Justice  /  Digital History

Lynchings in the North

A project to bring to light the stories of these victims’ lives and to highlight the patterns of racial terror perpetrated across the Northeast and Midwest.

Most Americans are familiar with the brutal history of lynching, the mob violence that killed more than 4,000 Black people across the United States. But when we think about racial terror, we often think about the South. This new research initiative is dedicated to unearthing and documenting a history that remains largely unexplored and untold: The story of lynchings in the North.

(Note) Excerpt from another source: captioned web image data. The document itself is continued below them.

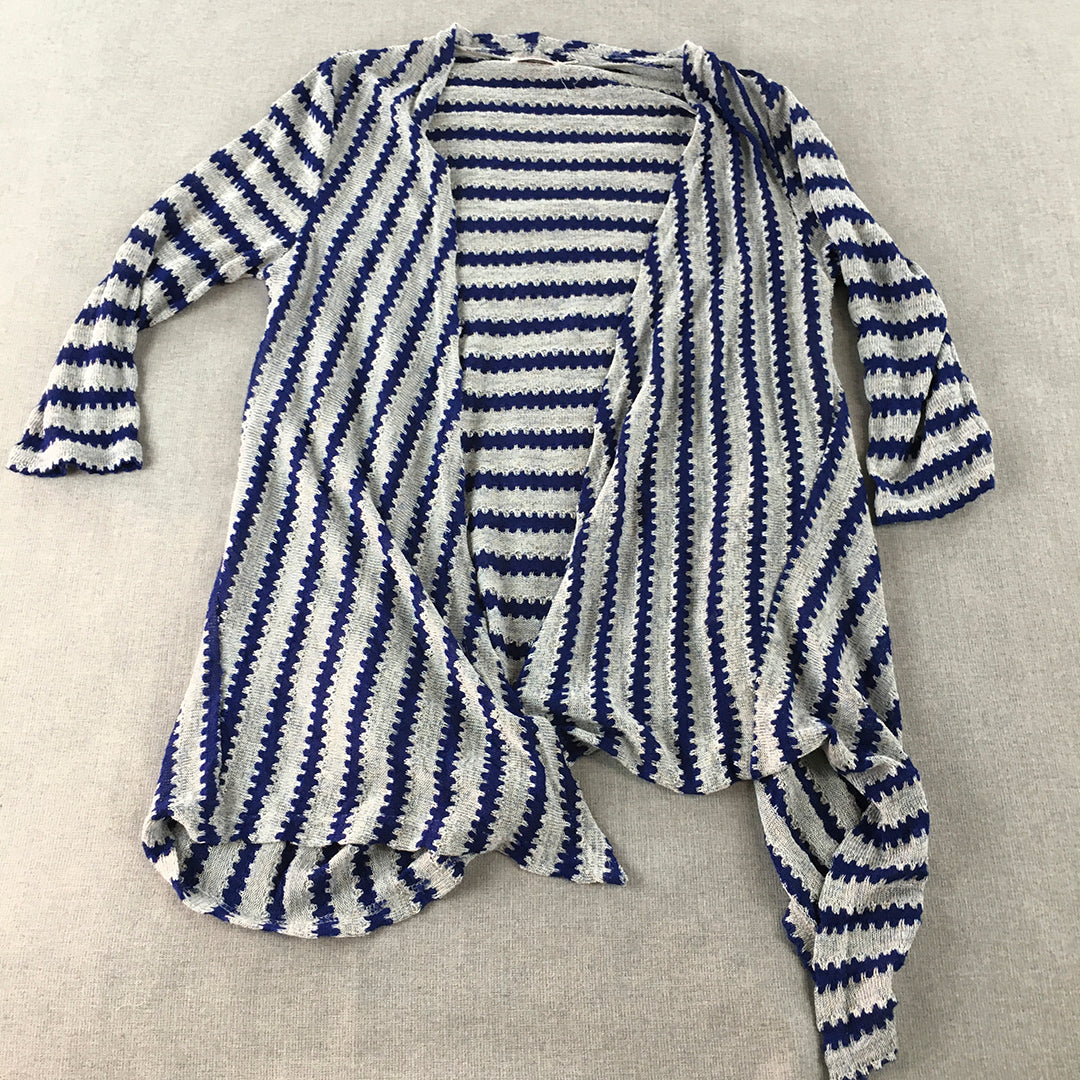 Cocolatte Womens Knit Cardigan Size 14 Grey Blue Striped Open Front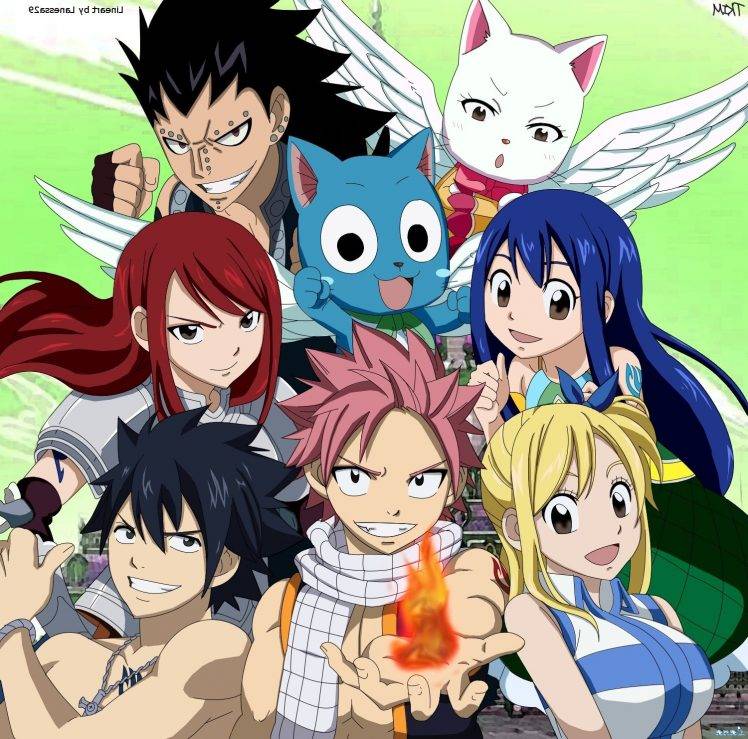 Anime, Fairy Tail, Lucy Heartfilia, Natsu Dragneel, Erza Scarlet, Gray  Fullbuster, HD wallpaper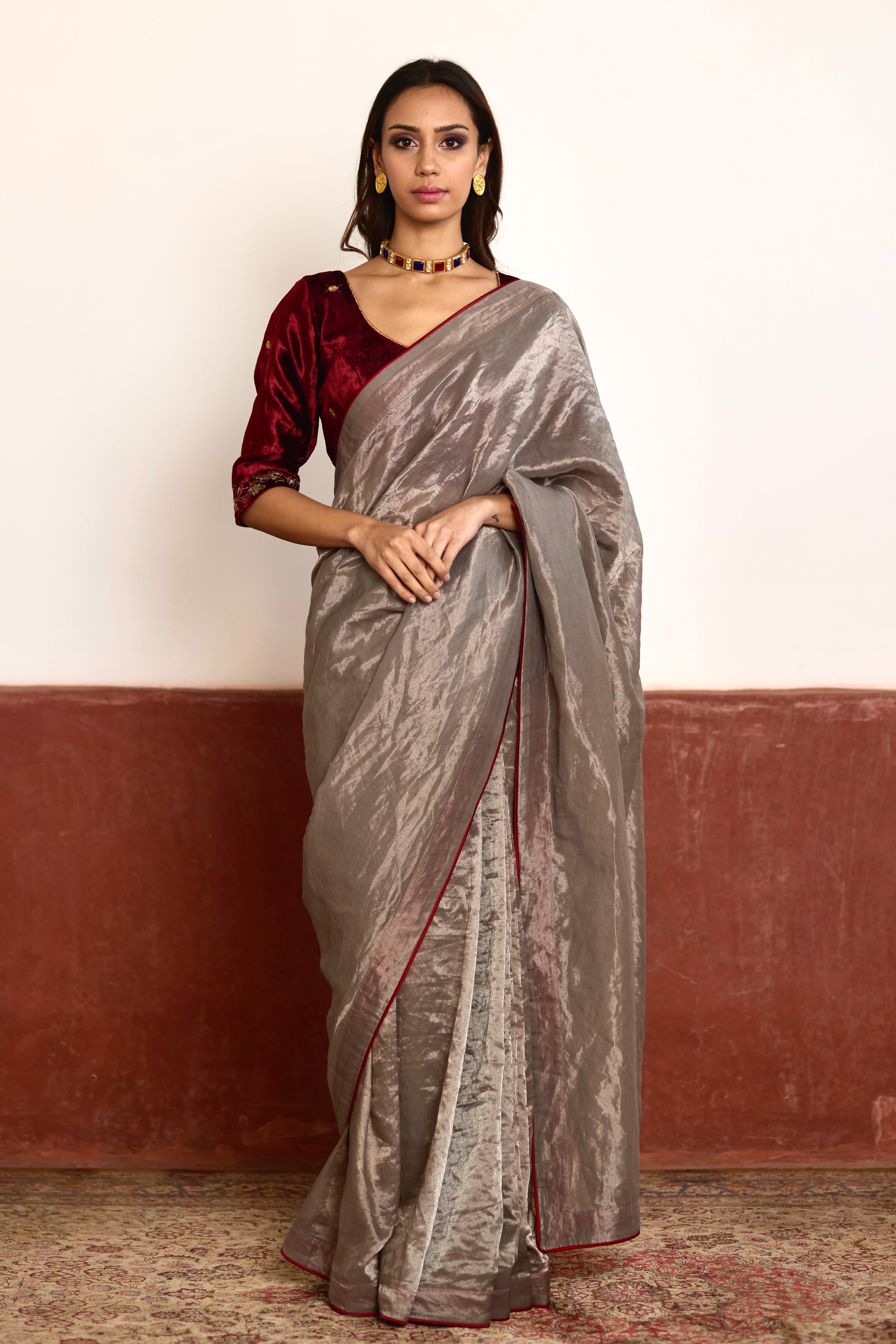 Saree in Silver Tissue with Red Facing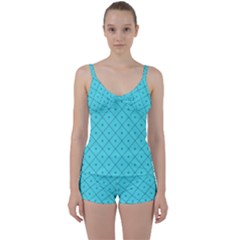Pattern-background-texture Tie Front Two Piece Tankini by Ket1n9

Between 1877 and 1950, scores of African Americans were lynched in northern and mid-Atlantic states. In New York. New Jersey. Maryland. Pennsylvania. Delaware. Ohio. Illinois. Kansas. Nebraska. Minnesota. North Dakota. For more than half a century, their stories have remained largely unknown.

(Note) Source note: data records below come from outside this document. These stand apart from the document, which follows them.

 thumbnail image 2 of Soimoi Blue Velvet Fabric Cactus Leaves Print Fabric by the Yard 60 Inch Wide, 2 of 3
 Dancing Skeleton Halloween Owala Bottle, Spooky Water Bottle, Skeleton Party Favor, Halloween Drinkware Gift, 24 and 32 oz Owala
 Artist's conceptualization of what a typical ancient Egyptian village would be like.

The Hidden Legacies project at New York University’s Arthur L. Carter Journalism Institute is compiling archival records about the Black men and women who were killed and the white mobs who killed them. Our journalism students are researching the lives of the victims and telling their stories to help our nation better understand how families and communities today are grappling with the legacy of this racial violence.

About

I was born and raised in New York City and I’ve been a journalist for The New York Times for nearly three decades. But it wasn’t until 2018 that I learned that a Black man had been lynched in my home state. I was astonished. Lynchings in the North? It turns out that more than 300 Black Americans were lynched in the Northeast and across the Midwest between 1880 and 1940, according to the Equal Justice Initiative. I needed to know more. So I got in my car and drove 65 miles to Port Jervis, New York to find out about the killing of a man named Robert Lewis. This project, Lynchings in the North, has its roots in that road trip.